Classical information is made up of bits (binary digits), but in quantum information, we can have both bit values (1 and 0) at the same time. A quantum bit can be zero and one simultaneously. Quantum physics can account for all phenomena known so far, both in the micro domain (the world of atoms, photons, and subatomic particles) and the macro domain (the world of tables, chairs, and computers).
Ultimately, it’s all about quantum waves and how information arises through their mutual interactions. This leads to quantum entanglement, the famous effect by which quantum objects can become supercorrelated. Contrary to popular belief, with entanglement, there is no longer any need for special observers for collapses of the quantum wavefunction, and there is no need for quantum jumps.
“A quantum bit can be zero and one simultaneously.”

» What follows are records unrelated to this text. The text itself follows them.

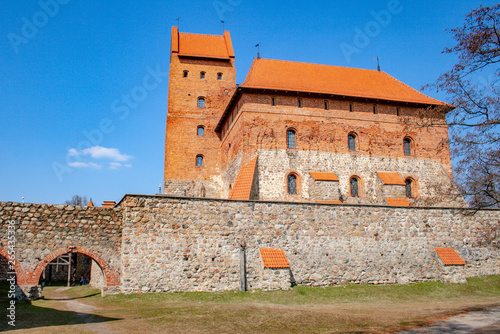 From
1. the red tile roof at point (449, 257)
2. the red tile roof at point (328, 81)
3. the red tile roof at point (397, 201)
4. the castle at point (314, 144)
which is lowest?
the red tile roof at point (449, 257)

In fact, my thesis is that we encounter problems in our understanding of reality only when we postulate that some parts of the universe run on classical information, instead of all being quantum. The Copenhagen interpretation, the de Broglie-Bohm interpretation, and the Quantum Bayesian interpretation all suffer from this bipolar, half-quantum, half-classical view of reality. Even the Many Worlds view does not go far enough and still contains remnants of classical logic. Only quantum information will lead us to the portals that can lead us to a new physical theory.
3. Gravity is quantum.
Quantizing gravity is the biggest open problem in physics. Several years ago, Chiara Marletto of Oxford and I proposed an experiment, which was independently proposed by Sougato Bose of University College London as well. We are no more than five years away from being able to perform this experiment, and when performed, it could prove Einstein wrong.
It’s a variant of the famous Schrödinger’s cat experiment, where an atom that is in the superposition of decayed and not-decayed interacts with a cat that therefore dies and doesn’t die. Testing gravity, fortunately, does not involve anyone dying. It involves two massive objects being in two different places, each, and gravitationally attracting each other.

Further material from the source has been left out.